6 Considerações Finais

As entrevistas analisadas revelam um ambiente de trabalho intensamente pressurizado no contexto bancário, onde a constante demanda por atingir metas elevadas afeta negativamente a saúde mental, a moral e a motivação dos gerentes gerais. A persistência de táticas de gestão baseadas no medo e na pressão constante pode resultar em burnout, desgaste emocional e uma alta taxa de rotatividade, comprometendo a eficiência organizacional a longo prazo (Bakker & Demerouti, 2007).

Além disso, a análise fornece insights valiosos para a prática gerencial no setor bancário, sublinhando a necessidade de reformular as abordagens de gestão de desempenho. Propõe-se a adoção de práticas de liderança mais humanizadas, que equilibrem exigências de desempenho com o bem-estar dos funcionários. Incentivar um ambiente de trabalho mais suportável e menos punitivo pode melhorar a satisfação no trabalho, a lealdade e a produtividade dos funcionários (Maslach & Leiter, 2016).
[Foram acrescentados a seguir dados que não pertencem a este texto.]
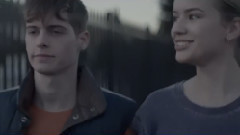 Blue Neighbourhood 三部曲
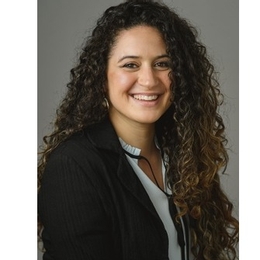 Denise Rivera, Insurance Agent | Liberty Mutual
Quanto às contribuições teóricas, este estudo contribui teoricamente ao aplicar e validar teorias existentes de estresse no trabalho, cultura organizacional e liderança no contexto específico da administração bancária. Ele reforça a literatura sobre como as práticas de gestão influenciam diretamente a saúde mental e a eficácia organizacional, adicionando um estudo de caso contemporâneo sobre as implicações práticas dessas teorias (Edmondson, 1999).
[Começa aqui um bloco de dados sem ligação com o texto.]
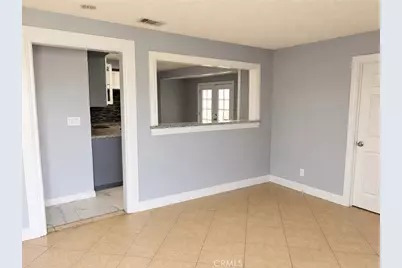 3519 Patritti Avenue, Baldwin Park, CA 91706 - Photo 4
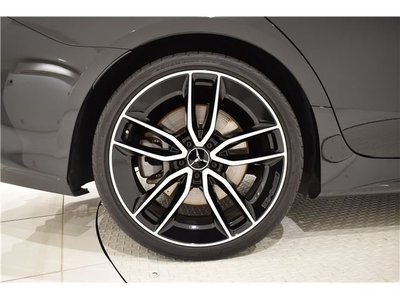 صورة مصغرة 29 لـ 2019 Mercedes-BENZ CLS AMG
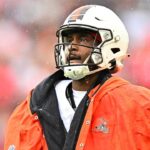 nfl-journeyman-pj-walker-retires-following-nine-season-pro-football-career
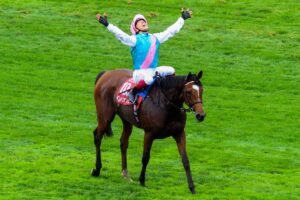 GⅠ凱旋門賞の傾向分析と日本馬の全成績【過去の結果 – 1995年以降 】
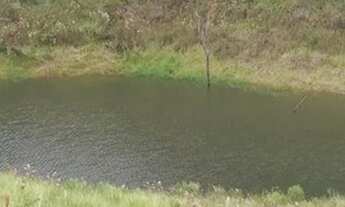 Imagem 6: Terreno à venda, 5000 m² por R$ 195.000,00 - Caraguatatuba - Caraguatatuba/SP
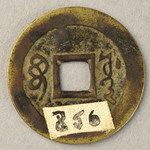 355429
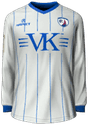 Visitante kit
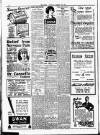 South Yorkshire Times and Mexborough & Swinton Times Saturday 19 January 1924 Page 14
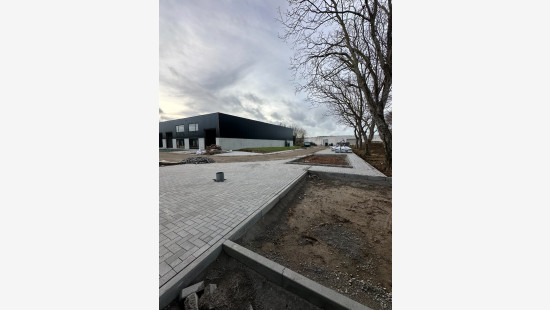 Veurnseweg - 526+ - - C0.01 - 8906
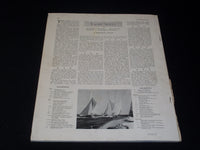 1932 JUNE THE SPORTSMAN MAGAZINE NICE COVER & INSIDE SPORTS - E 4285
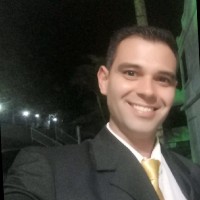 Luiz Fernando Ribeiro Gonçalves
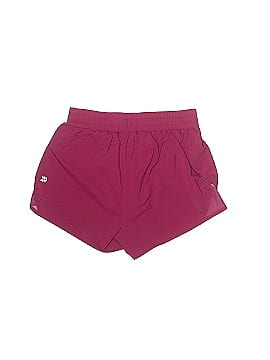 all in motion Athletic Shorts (view 2)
No entanto, uma limitação deste estudo é a sua base em um número limitado de entrevistas, o que pode não capturar toda a diversidade de experiências e percepções entre gerentes em diferentes contextos ou regiões. Além disso, o foco nas percepções dos gerentes pode não fornecer uma visão completa de todas as dinâmicas organizacionais envolvidas (Yamada, 2000).

Futuras pesquisas deveriam explorar estudos longitudinais que acompanhem as mudanças nas práticas de gestão e seus impactos ao longo do tempo. Seria benéfico expandir a pesquisa para incluir uma variedade maior de bancos e comparações internacionais para entender melhor as diferenças culturais e regionais nas práticas de gestão bancária.

Além disso, recomenda-se investigar o impacto das práticas de gestão na experiência do cliente e nos resultados financeiros dos bancos para abordar a relação entre bem-estar do funcionário e desempenho organizacional de forma mais abrangente (Schein, 2010). Essas considerações e recomendações destacam a necessidade crítica de abordar e melhorar as práticas gerenciais no setor bancário, visando não apenas o sucesso financeiro, mas também a sustentabilidade organizacional e o bem-estar dos funcionários.